ENTRIES SUPPLIED:
________

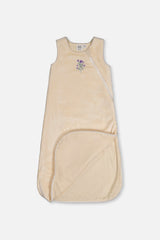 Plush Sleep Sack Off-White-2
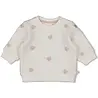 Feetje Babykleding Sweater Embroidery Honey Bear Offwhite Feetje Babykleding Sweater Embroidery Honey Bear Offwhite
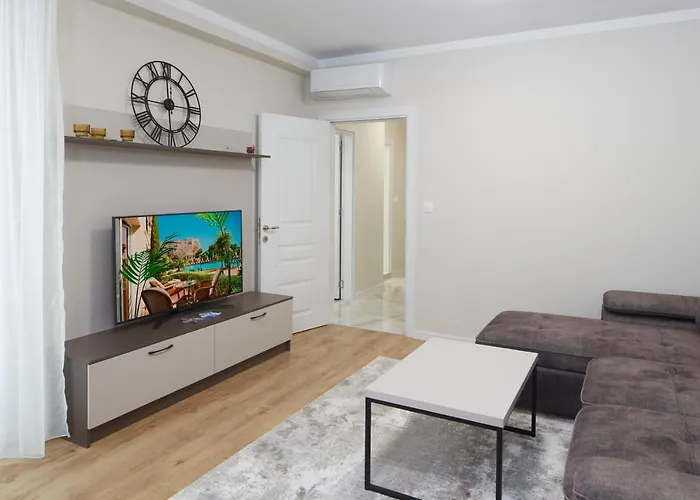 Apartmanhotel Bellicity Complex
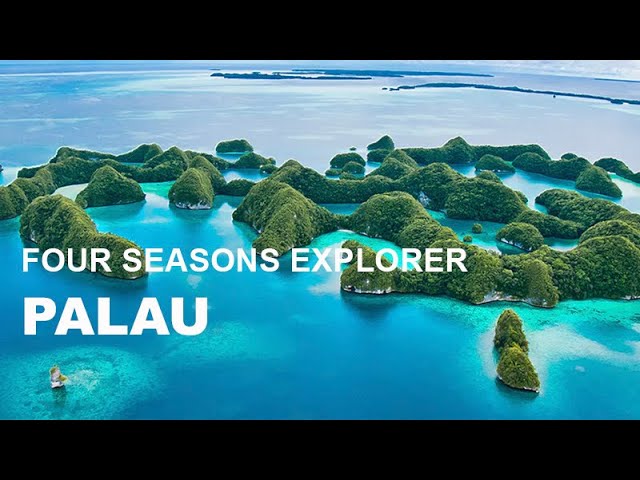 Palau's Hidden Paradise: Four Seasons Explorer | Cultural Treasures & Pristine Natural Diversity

________

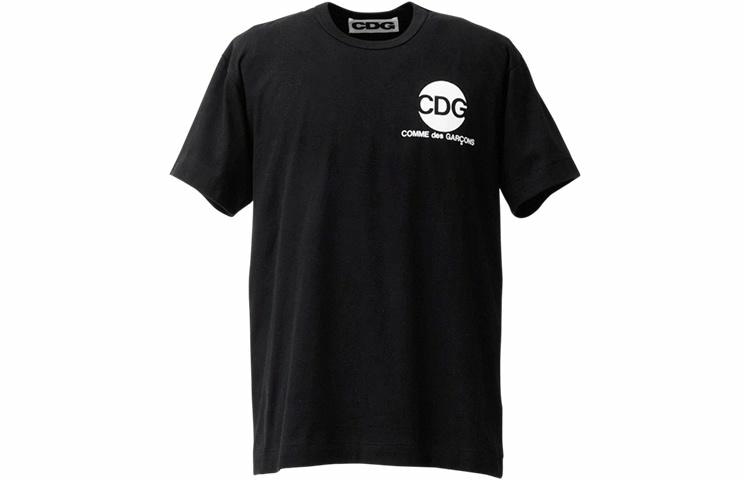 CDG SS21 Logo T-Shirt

________

TASK DIRECTIONS: Using the data above, set down each line from the line with "Plush Sleep Sack Off-White-2" to the line with "Palau's Hidden Paradise: Four" exactly, both ends included, and leave the pictures behind. Nothing else belongs.

SOLUTION:
 Plush Sleep Sack Off-White-2
 Feetje Babykleding Sweater Embroidery Honey Bear Offwhite Feetje Babykleding Sweater Embroidery Honey Bear Offwhite
 Apartmanhotel Bellicity Complex
 Palau's Hidden Paradise: Four Seasons Explorer | Cultural Treasures & Pristine Natural Diversity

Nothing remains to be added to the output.